That advice gladdens the hearts of the anti-Darwinists, who run the gamut from instant-creationists to adherents of an “intelligent-design” theory that rejects the purposelessness of natural selection in favor of a grand design in which life on earth plays a role.

But it offends the Texas Freedom Network, a group whose good works include watchdogging the religious right’s incursions on public schools. To the network’s way of thinking, Holt, Rinehart has “compromised the education of Texas students.”

Actually, it hasn’t happened yet.

More public hearings will take place before final changes are made to the Holt, Rinehart book, or whatever text the state’s educational leaders choose.

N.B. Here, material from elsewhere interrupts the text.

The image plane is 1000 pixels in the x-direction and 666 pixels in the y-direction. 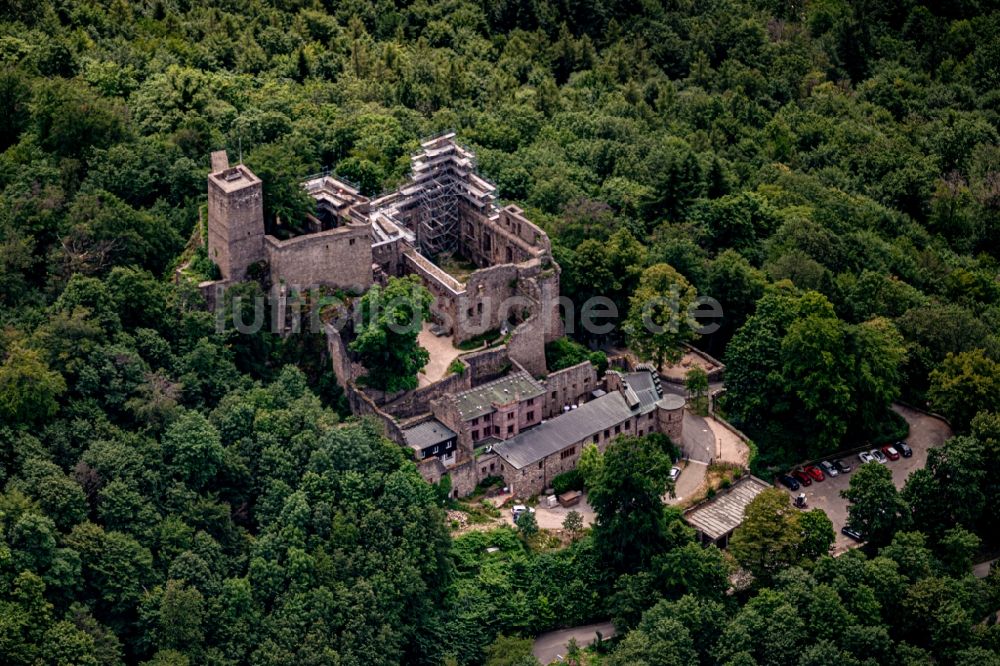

Texas being the second-biggest textbook market in the country, freedom-networkers have cause for thinking a publisher would pander to prevailing thought among the public-education establishment.

And if Holt, Rinehart can peddle tens of thousands of textbooks carrying that language to the Lone Star State, why not ship the same books to markets like New Mexico, where civil-libertarian protest won’t weigh as much?

New Mexicans can thank the Texas Freedom Network for serving as the bulwark it is against oppression on several fronts — but we also should urge the group to choose its battles.

To the extent that teachers can find time in their lesson-planning, they should encourage their students to wander beyond the mental fences of evolutionary theory.

It’s certainly the accepted science today, and it gains credibility with every fossil found tracing transitions from early mankind to today’s variety.

But who knows?

Tomorrow, someone might dig up a bunch of bones that make Darwinism look as silly as Aristotelian astronomy — or as the absolutist creationism Clarence Darrow made a laughingstock during the Scopes Trial.

Defenders of “good science” should be glad our country has come as far as it has since the monkey’s-uncle summer of 1925 in Dayton, Tenn.

We’re glad they’re on guard against the imposition of religion on public education.

At the same time, tolerance toward other ideas about the origin of life would give the group greater credibility when such issues as vouchers, school prayer and true censorship of textbooks come up — as they’re bound to.